ENTRIES PROVIDED:
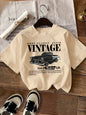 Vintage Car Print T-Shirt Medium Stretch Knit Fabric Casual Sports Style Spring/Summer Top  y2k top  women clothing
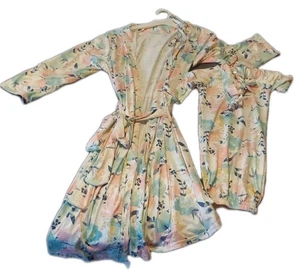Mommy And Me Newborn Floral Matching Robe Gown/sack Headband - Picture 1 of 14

==

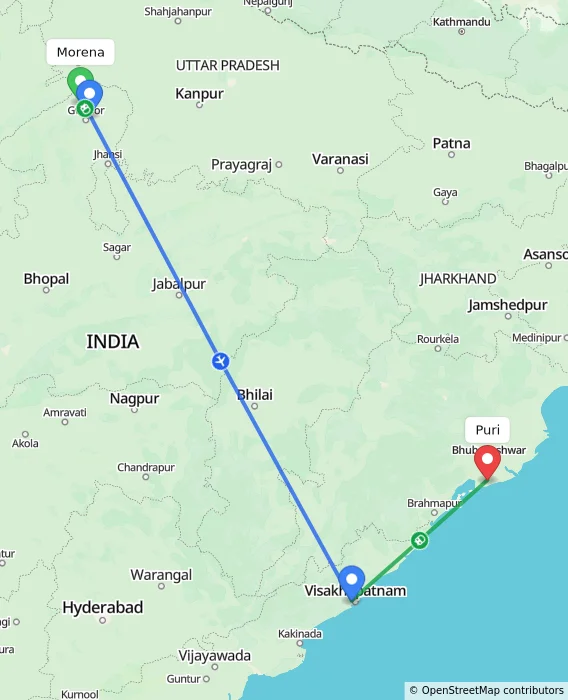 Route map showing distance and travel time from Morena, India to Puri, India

HOW TO COMPLETE THIS TASK: Nothing but the lines above from the line with "Vintage Car Print" up to and including the line with "Mommy And Me" should be returned, exactly as written and without pictures.

YOUR RESPONSE:
 Vintage Car Print T-Shirt Medium Stretch Knit Fabric Casual Sports Style Spring/Summer Top  y2k top  women clothing
Mommy And Me Newborn Floral Matching Robe Gown/sack Headband - Picture 1 of 14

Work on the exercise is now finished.